Small in stature and having an extrovert personality, Francis always had in his heart the desire to do great things. He demonstrated this in his 20s when he left for the war between Assisi and Perugia, and later to help end the conflict of the crusades.
He was born in 1182 the son of a rich fabric merchant, Pietro di Bernardone, and a noblewoman from Provence, Pica, and grew up occupied with family duties and worldly affairs.
When he returned from his war experience, he was ill and shaken, unrecognizable to all. Something left a deep impression on his soul beyond his experience of the war.
A powerful encounter and a question: Do you serve the servant or serve the Master?
He never forgot the words he heard in a dream while in Spoleto: “Why do burden yourself seeking the servant instead of the Master?”

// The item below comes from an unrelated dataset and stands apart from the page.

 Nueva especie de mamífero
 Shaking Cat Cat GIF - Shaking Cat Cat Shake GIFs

His life took on a new direction, guided by his constant wish to know that to which God was calling him.
Prayer and silent contemplation in the Umbrian countryside led him to embrace lepers and outcasts as brothers and sisters, those in the past he had always found disgusting and repulsive.
In Spoleto, he heard again a voice breaking the silence of his prayer before a Byzantine crucifix in the small abandoned church of San Damiano.

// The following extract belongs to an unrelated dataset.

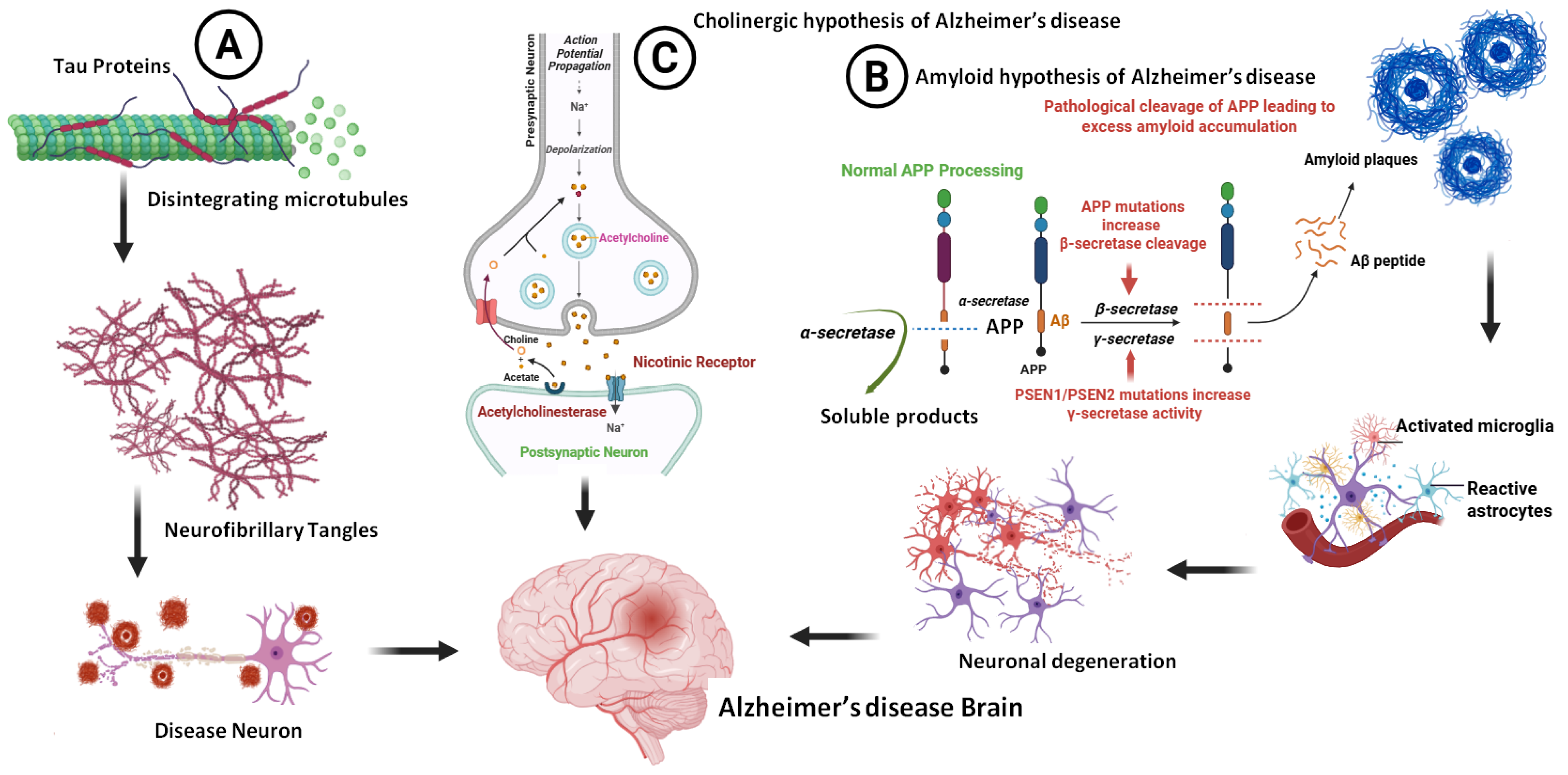 Pharmaceuticals 18 01041 g003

The voice said: “Francis, go repair my church, which as you can see is in ruin.”
Saint Francis first interpreted that call as an invitation to reconstruct the ruins of the small chapel stone by stone, but in later years he came to understand the full meaning of the call.
He was called to “great things — to renew,” with a spirit of obedience, the Church, which at that time was dealing with divisions and heresies.
Embracing ‘Lady Poverty’
The uncontainable joy unleashed by feeling loved and called by God helped strengthen the wish of young Francis to live by Providence, and in observance of the Gospel, he decided to give away all he had to the poor.
At this point the distance between him and his father, Pietro Di Bernardone, became irreparable. His father denounced him publicly during an audience with Bishop Guido.
Francis declared his deep desire to marry “Lady Poverty,” and he removed his clothes as a way of renouncing his father’s wealth.
Francis gathered his numerous companions, who shared his desire to live the Gospel to the letter in poverty, chastity and obedience.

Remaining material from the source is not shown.